Restructuring - Not to be a Tick-box Exercise
Businesses and organisations continue to announce lays-off to adjust their staffing levels and better balance growth and profitability. This is happening not only in New Zealand but also globally:
- Xero announced their plans to cut nearly 800 jobs across its business
- Accenture plans to slash 19,000 jobs world-wide
- Potential changes in Health sector, New Zealand
We continue to see personal grievances, legal actions, disgruntled staff, and reputational damage arising out of restructures that are not done right. A shop worker awarded $40k after an unjustified dismissal, said that if there was an economic reason to end her employment, a fair and reasonable restructuring process would have been in place which did not happen in her case.
Let's get this right
Firstly we need to get back to the basics – What does good faith actually mean?
- To be open and communicative
- To share all relevant information
- To not be misleading or deceptive
To ensure the obligations of good faith in your restructure, it must have (1) substantive justification and (2) procedural fairness.
Restructure should not be a tick-box exercise that leaves individuals feeling like that were just a number. Think of your affected employees and how they will feel as a person.

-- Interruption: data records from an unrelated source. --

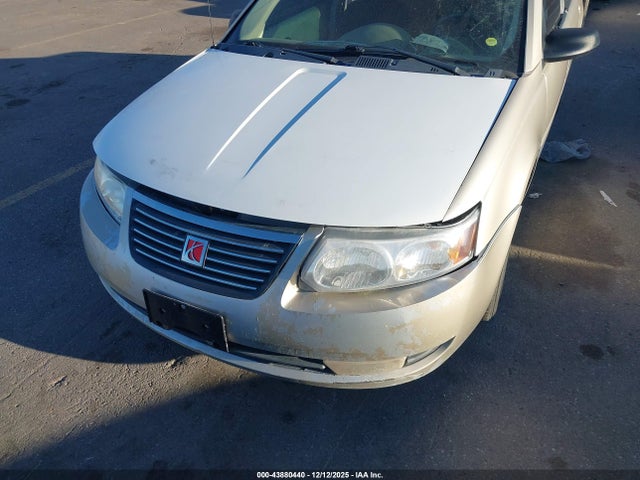 Saturn Ion 2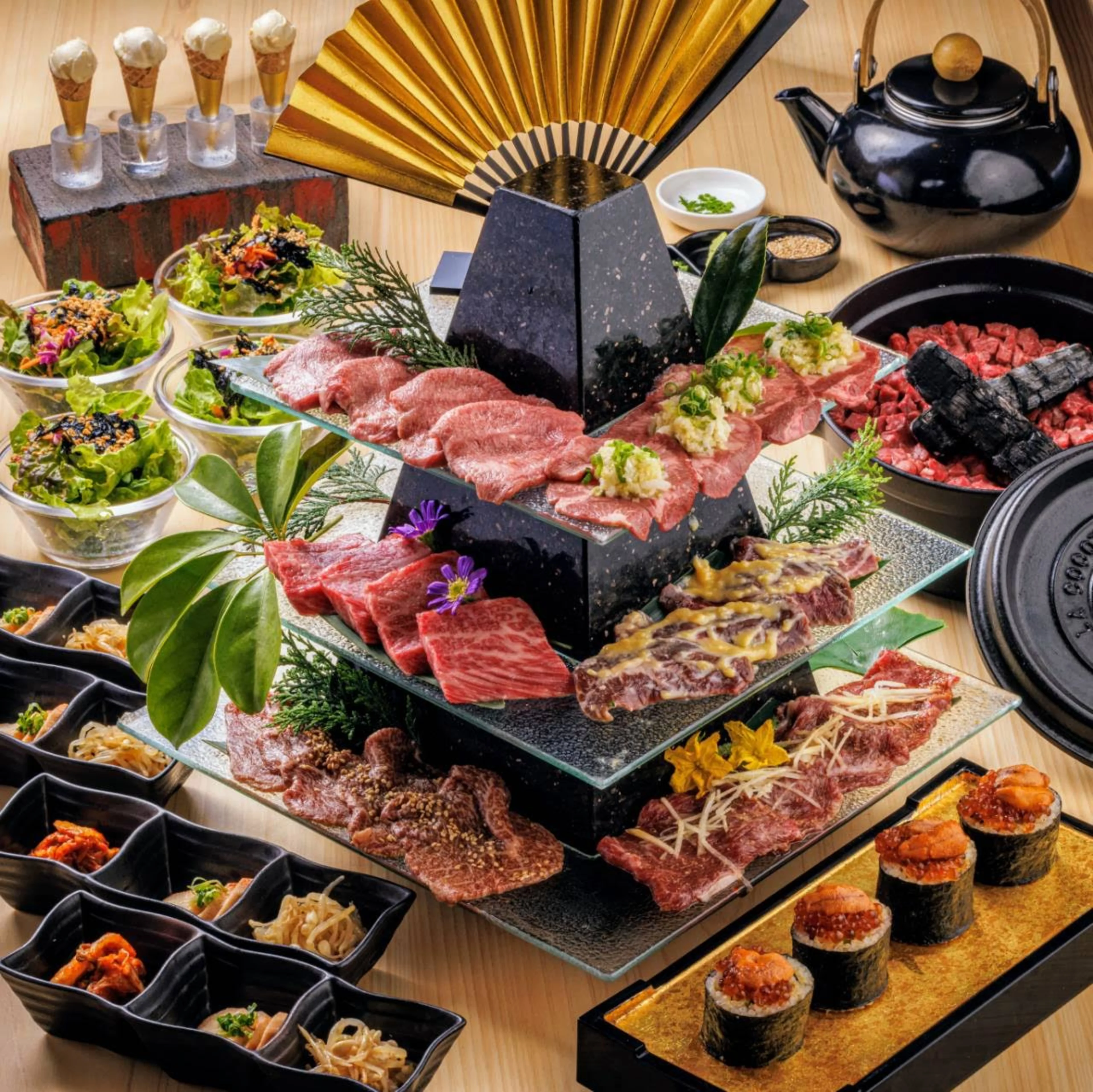 アニバーサリープレミアムコース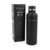 Botella Termica Sakura de Acero Inoxidable 750ml Negra - Cook And Love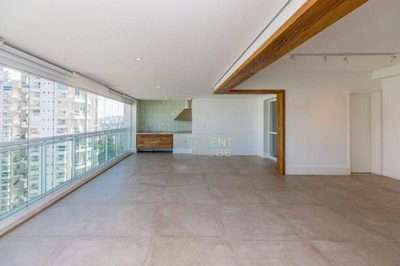 Apartamento, 3 quartos, 157 m² - Foto 2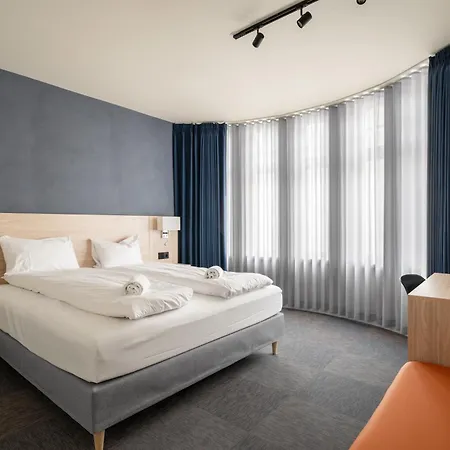 Breeze Victoria - Self-service Bergen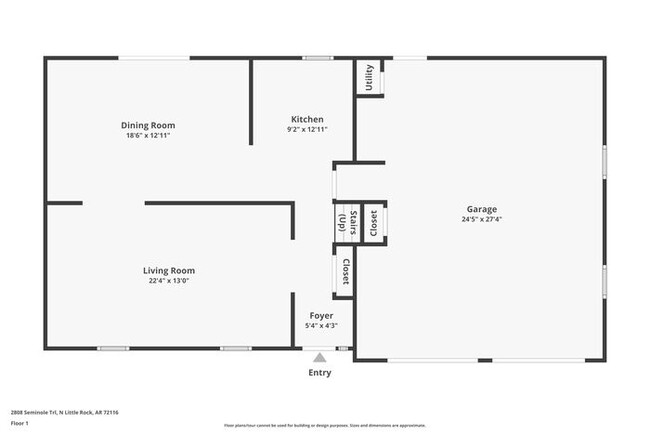 Building Photo - 2805 Seminole Trail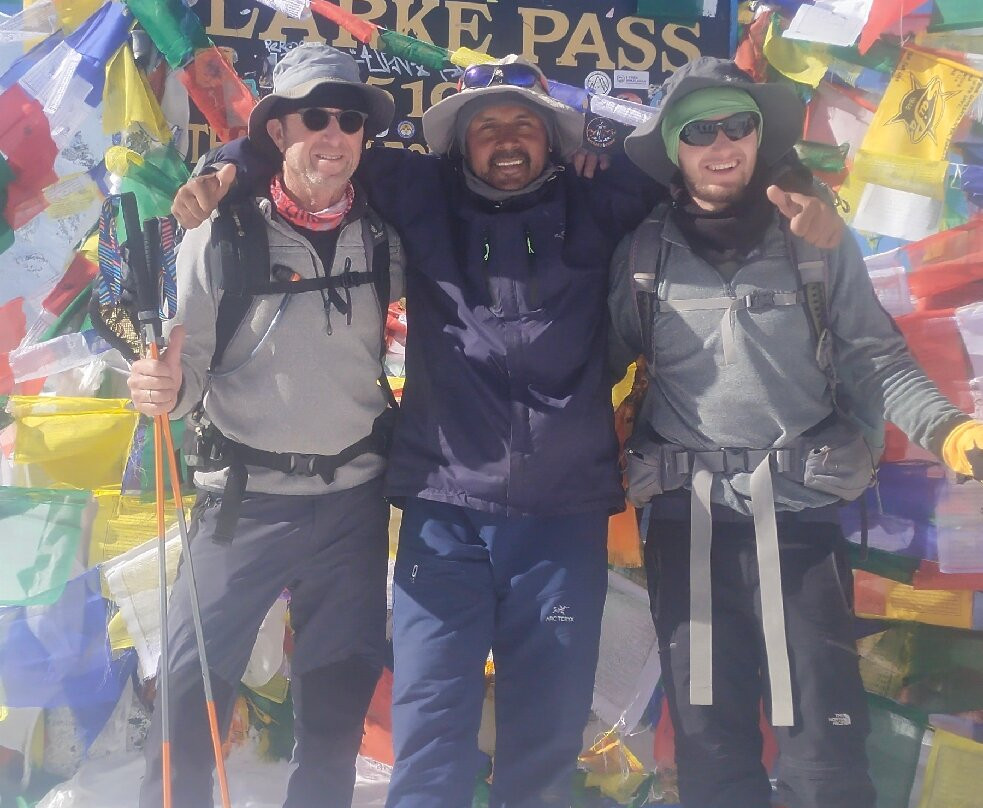 Shalom Treks-加德满都必去景点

- You give careful thought to the rationale for restructuring – demonstrate that the changes can be directly linked to the initial problem
- You introduce and present the proposal with an open mind and without the outcome being wholly predetermined
- You genuinely consult with the employees and consider their feedback
- You actively identify and genuinely consider redeployment options
Some other options short of redundancy: part-time roles or flexible shifts, independent contracting, vacant roles in other locations, voluntary redundancies, other roles that employees may have an interest in/ be able to perform.